[Python-3000] Poll: Lazy Unicode Strings For Py3k (original) (raw)

Larry Hastings larry at hastings.org
Wed Jan 31 11:40:52 CET 2007

Previous message: [Python-3000] reference leak when pressing Enter at interpreter prompt
Next message: [Python-3000] Poll: Lazy Unicode Strings For Py3k
Messages sorted by: [ date ] [ thread ] [ subject ] [ author ]

I'd like to start a (hopefully final) round of discussion on the "lazy strings" series of patches. What follows is a summary on the current state of the patches, followed by five poll questions.

I apologize in advance for the length of this posting.

A NOTE BEFORE WE BEGIN

The "lazy strings" patches are actually two separate patches: "lazy concatentation" and "lazy slices". I did them together to save work, but I fear I have created some confusion by doing so.
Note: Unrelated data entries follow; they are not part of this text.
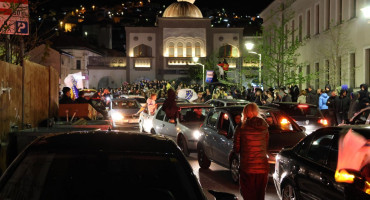 Slavlje nogometna reprezentacija BiH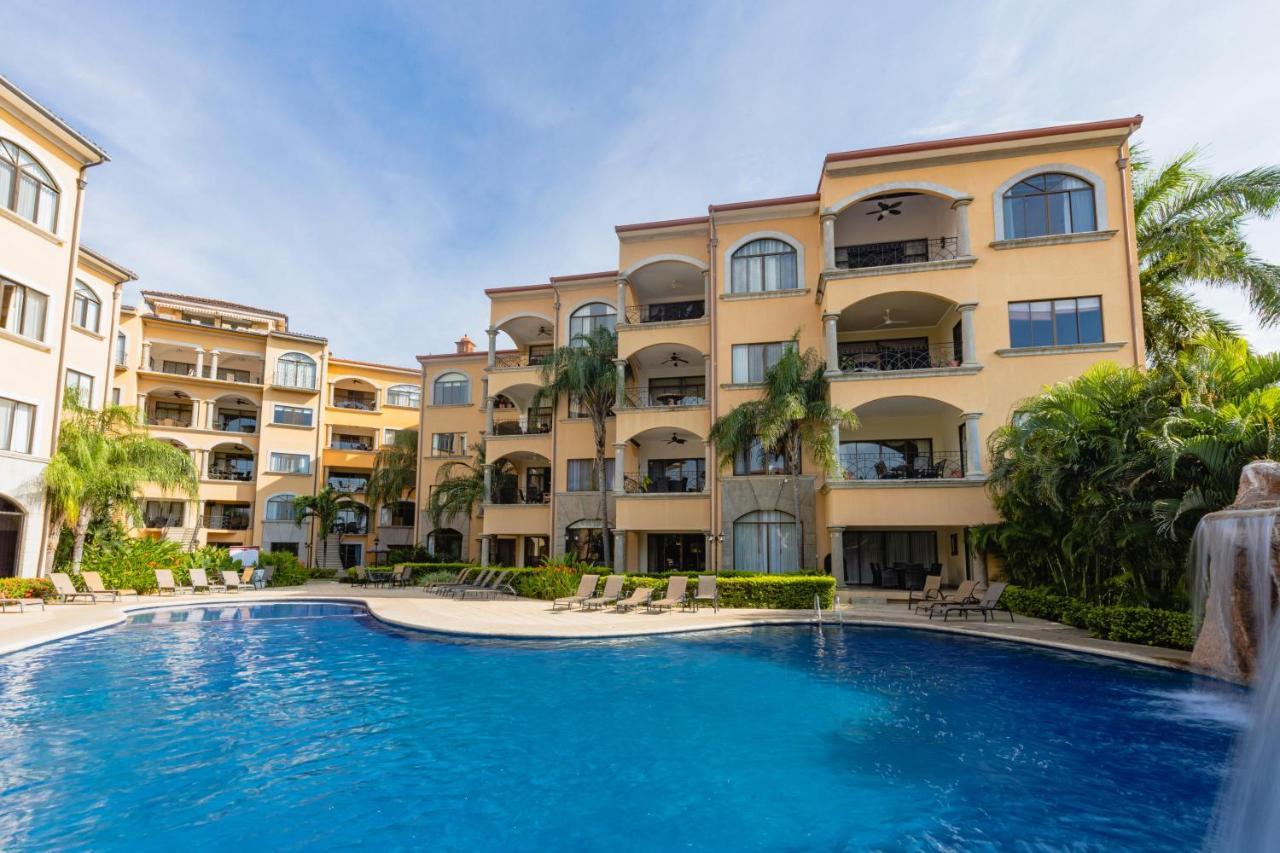 Sunrise 6- Ocean View 2 Bedroom Condo, Steps To The Beach Tamarindo Eksteriør bilde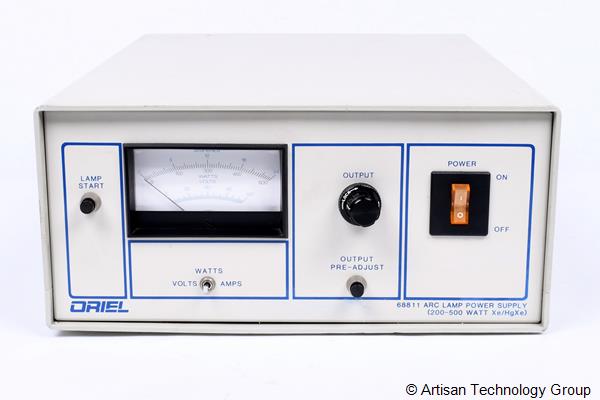 Oriel 68811 200-500W Xe/HgXe Arc Lamp Power Supply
Please keep in mind that "lazy concatenation" and "lazy slices" are separate things, and should be independently considered for inclusion.

"LAZY CONCATENATION"

Lazy string concatenation changes the + operator when adding two strings. Instead of returning the result of the concatenation, it returns a placeholder (a PyUnicodeConcatenationObject) that represents the concatenation. The placeholder holds references to the two strings; the first time any caller asks for the string's value, the string is "rendered": memory is allocated for the string, its value is copied in from the referenced strings (recursively only where necessary), the references to the strings are freed, and the newly computed value is returned.

Lazy concatenation changes the behavior of the Python C API in two subtle ways:

All C API users asking for the value of a string must use the macro PyUnicode_AS_UNICODE() or the function PyUnicode_AsUnicode(). It is no longer permissable to directly access the object's "str" member.
It is now possible for PyUnicode_AS_UNICODE() and PyUnicode_AsUnicode() to fail, returning NULL under low-memory conditions. All code calling either of these would have to be amended to check for NULL; few of these checks have been added as of yet. Josiah Carlson suggests there are 400+ such places in the Py3k source tree alone.

The implementation also adds complexity underlying a PyUnicodeObject, though this is effectively hidden from anyone not peering into "Objects/unicodeobject.c".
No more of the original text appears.